The Internet Protocol is a protocol used for communicating data across a packet-switched internetwork using the Internet Protocol Suite, also referred to as TCP/IP. IP is the primary protocol in the Internet Layer of the Internet Protocol Suite, and has the task of delivering distinguished protocol datagrams (packets) from the source host to the destination host solely based on their addresses. For this purpose, the Internet Protocol defines addressing methods and structures for datagram encapsulation. The first major version of addressing structure, now referred to as Internet Protocol Version 4, is still the dominant protocol of the Internet, although the successor, Internet Protocol Version 6 is being deployed actively worldwide.

The Internet Protocol is responsible for addressing hosts and routing datagrams (packets) from a source host to the destination host across one or more IP networks. For this purpose the Internet Protocol defines an addressing system that has two functions. Addresses identify hosts and provide a logical location service. Each packet is tagged with a header that contains the meta-data for the purpose of delivery. This process of tagging is also called encapsulation. IP is a connectionless protocol and does not need circuit setup prior to transmission.
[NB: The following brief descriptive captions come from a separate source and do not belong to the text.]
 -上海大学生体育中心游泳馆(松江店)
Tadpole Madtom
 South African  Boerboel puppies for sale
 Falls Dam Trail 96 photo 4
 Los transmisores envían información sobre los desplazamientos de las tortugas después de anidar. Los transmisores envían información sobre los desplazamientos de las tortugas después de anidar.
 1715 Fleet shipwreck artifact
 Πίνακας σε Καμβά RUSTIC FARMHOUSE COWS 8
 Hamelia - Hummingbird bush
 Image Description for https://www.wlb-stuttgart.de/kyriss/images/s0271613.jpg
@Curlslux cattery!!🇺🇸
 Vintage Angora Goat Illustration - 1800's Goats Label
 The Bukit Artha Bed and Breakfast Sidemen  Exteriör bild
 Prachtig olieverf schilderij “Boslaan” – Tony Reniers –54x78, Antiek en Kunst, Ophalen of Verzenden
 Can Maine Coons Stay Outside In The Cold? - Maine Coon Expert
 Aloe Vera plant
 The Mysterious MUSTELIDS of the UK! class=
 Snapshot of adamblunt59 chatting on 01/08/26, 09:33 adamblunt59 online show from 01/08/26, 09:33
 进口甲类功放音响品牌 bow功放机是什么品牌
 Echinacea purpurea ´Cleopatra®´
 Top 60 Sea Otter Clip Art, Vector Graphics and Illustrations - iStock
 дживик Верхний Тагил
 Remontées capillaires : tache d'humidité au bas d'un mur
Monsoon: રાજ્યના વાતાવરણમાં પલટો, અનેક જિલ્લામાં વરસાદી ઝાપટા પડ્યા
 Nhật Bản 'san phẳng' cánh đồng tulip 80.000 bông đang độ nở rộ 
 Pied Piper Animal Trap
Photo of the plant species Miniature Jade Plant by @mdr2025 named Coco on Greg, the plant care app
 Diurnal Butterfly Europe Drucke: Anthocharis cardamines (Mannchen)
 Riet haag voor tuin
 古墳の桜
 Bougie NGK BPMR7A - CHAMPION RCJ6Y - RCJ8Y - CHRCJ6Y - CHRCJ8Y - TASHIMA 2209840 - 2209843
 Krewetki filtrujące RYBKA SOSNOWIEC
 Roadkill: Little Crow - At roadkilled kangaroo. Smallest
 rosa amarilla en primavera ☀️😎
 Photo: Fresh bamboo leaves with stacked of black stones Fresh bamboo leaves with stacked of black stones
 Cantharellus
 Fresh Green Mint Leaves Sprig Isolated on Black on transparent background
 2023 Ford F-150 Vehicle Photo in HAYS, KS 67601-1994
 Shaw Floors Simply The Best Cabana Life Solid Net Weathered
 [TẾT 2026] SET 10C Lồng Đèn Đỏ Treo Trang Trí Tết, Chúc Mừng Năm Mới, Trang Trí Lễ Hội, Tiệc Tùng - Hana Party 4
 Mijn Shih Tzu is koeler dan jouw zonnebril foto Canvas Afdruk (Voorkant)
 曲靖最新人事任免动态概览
The design principles of the Internet protocols assume that the network infrastructure is inherently unreliable at any single network element or transmission medium, and that it is dynamic in terms of availability of links and nodes. No central monitoring or performance measurement facility exists that tracks or maintains the state of the network. For the benefit of reducing network complexity, the intelligence in the network is purposely located in the end nodes of each data transmission. Routers in the transmission path forward packets to the next known local gateway matching the routing prefix for the destination address. As a consequence of this design, the internet protocol only provides best effort delivery and its service can also be characterized as unreliable. It is a connectionless protocol, and the lack of reliability can allow any one of the following fault events to occur: data corruption, lost data packets, duplicate arrival, and out of order packet delivery. Internet Protocol Version 6 has abandoned the use of IP header checksums for the benefit of rapid forwarding through routing elements in the network.

IP Addressing refers to how end hosts become assigned IP addresses and how subnetworks of IP host addresses are divided and grouped together. Internetwork routers use either interior gateway protocols, which perform IP routing by all hosts, or external gateway protocols, which help make IP datagram forwarding decisions across IP connected networks.